Birth place: Pin Point, Georgia

Birth name: Clarence Thomas

Father: M.C. Thomas, a farm worker

Mother: Leola (Anderson) Thomas

Marriages: Virginia (Lamp) Thomas (May 30, 1987-present); Kathy (Ambush) Thomas (1971-1984, divorced)

Children: with Kathy (Ambush) Thomas: Jamal, 1973

Education: Holy Cross College, A.B., 1971; Yale Law School, J.D., 1974

Religion: Roman Catholic

Other Facts:
Grew up in poverty in segregated Georgia.

Raised by his maternal grandparents as a devout Catholic, and was sent to an all-black Catholic school run by nuns.

Thomas was a beneficiary of Yale’s affirmative-action policy, which offered opportunities to minority students.

Served on the US Court of Appeals for the DC Circuit with Justice Ruth Bader Ginsburg.

Thomas called his confirmation hearings “a high-tech lynching for uppity blacks who in any way deign to think for themselves.”

Is considered a conservative justice, has often opposed affirmative action, and tends to vote with other conservative justices.

Timeline:
1974-1977 Assistant Attorney General of Missouri.

1977-1979Attorney for Monsanto Corporation in St.

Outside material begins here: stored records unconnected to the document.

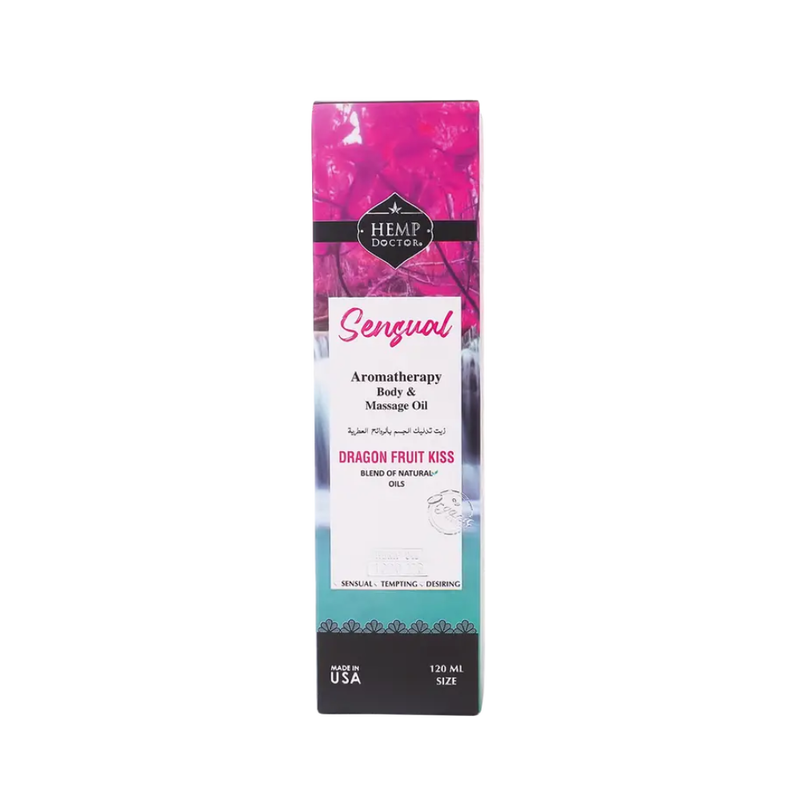 Doctor Hemp Dragon Fruit Body Massage Oil, Moisturizing, 120ml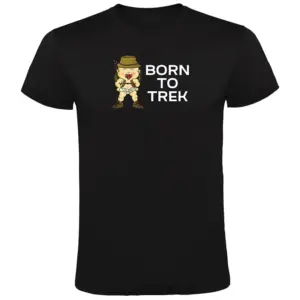 Kruskis Born To Trekk T-shirt Met Korte Mouwen Zwart
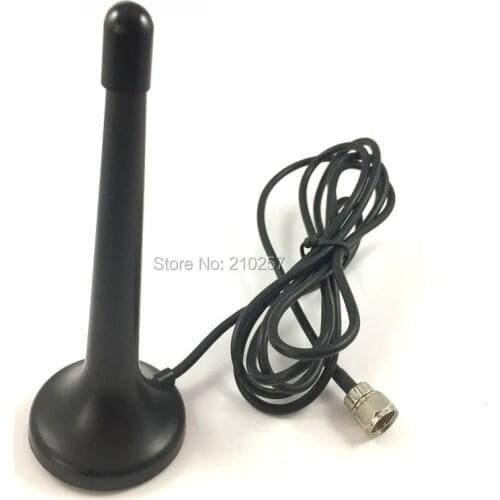 1pcs DVB-T Antenna 16dBi 17dbi 48-862MHz Double Frequency Receive Booster Indoor Antenna With Extension Cable For TV HDTV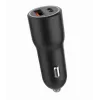 Cargador de coche para dispositivos móviles Gembird TA-UC-AC2PDQC38-CAR-01, USB-C, 38 W, 12-24 V, negro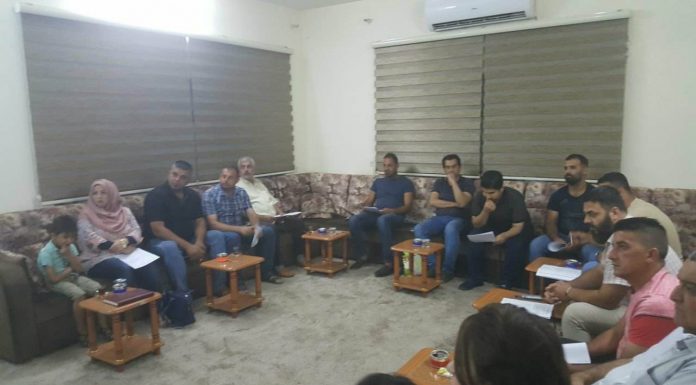 التدريب الذي قام به منسقي شبكة شمس في جانب الرصافة والذي استهدف عدد من المراقبين ( 19 ) والذي استمر ساعتين من الساعة 7 الى 9 مساءاً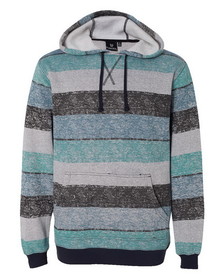 Burnside 8603 Printed Stripes Fleece Sweatshirt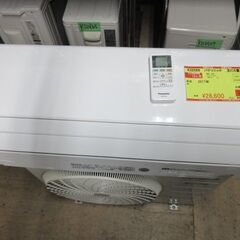 K02569　パナソニック　中古エアコン　主に6畳用　冷2.2kw ／ 暖2.2kw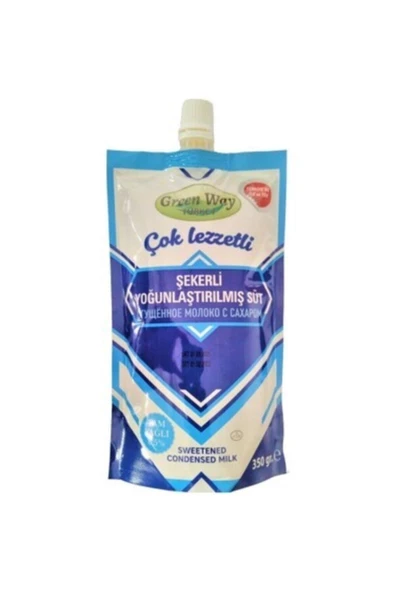 green way Moloko Yoğunlaştırılmış Süt Reçeli 350 gr Poşet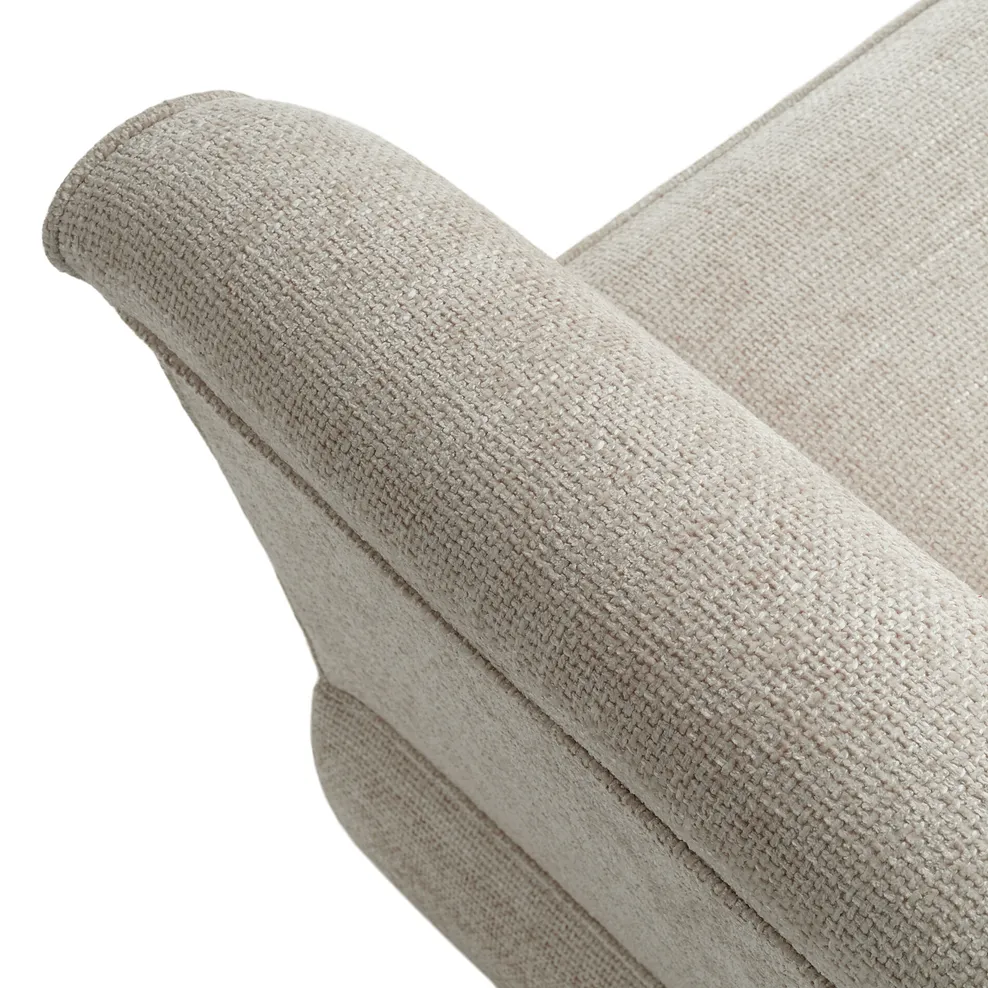Carrington 4 Seater Pillow Back Sofa in Ava Collection Natural Fabric 8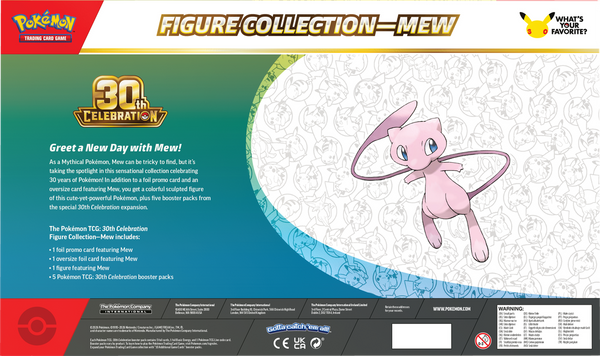 POKEMON 30TH CELEBRATION MEW / MEWTWO FIGURE COLLECTION (2026-11-06) --1 at random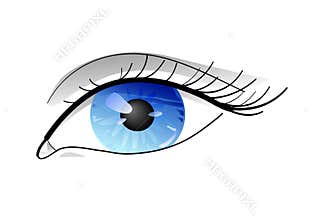 Blue eye - Close-up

Louis, Missouri.

1979-1981 Legislative Assistant to Senator John C. Danforth.

1981-1982 Assistant Secretary for Civil Rights in the Department of Education.

1982-1990 – Chairman of the US Equal Employment Opportunity Commission.

1990-1991 – Judge for the US Court of Appeals for the District of Columbia Circuit.

July 1, 1991 – Nominated to the Supreme Court by President George H. W. Bush to fill the seat of retiring Justice Thurgood Marshall.

July 1, 1991 – Jesse Jackson speaks out against Thomas’s nomination.

July 31, 1991 The NAACP releases a statement opposing Thomas’s appointment to the Supreme Court.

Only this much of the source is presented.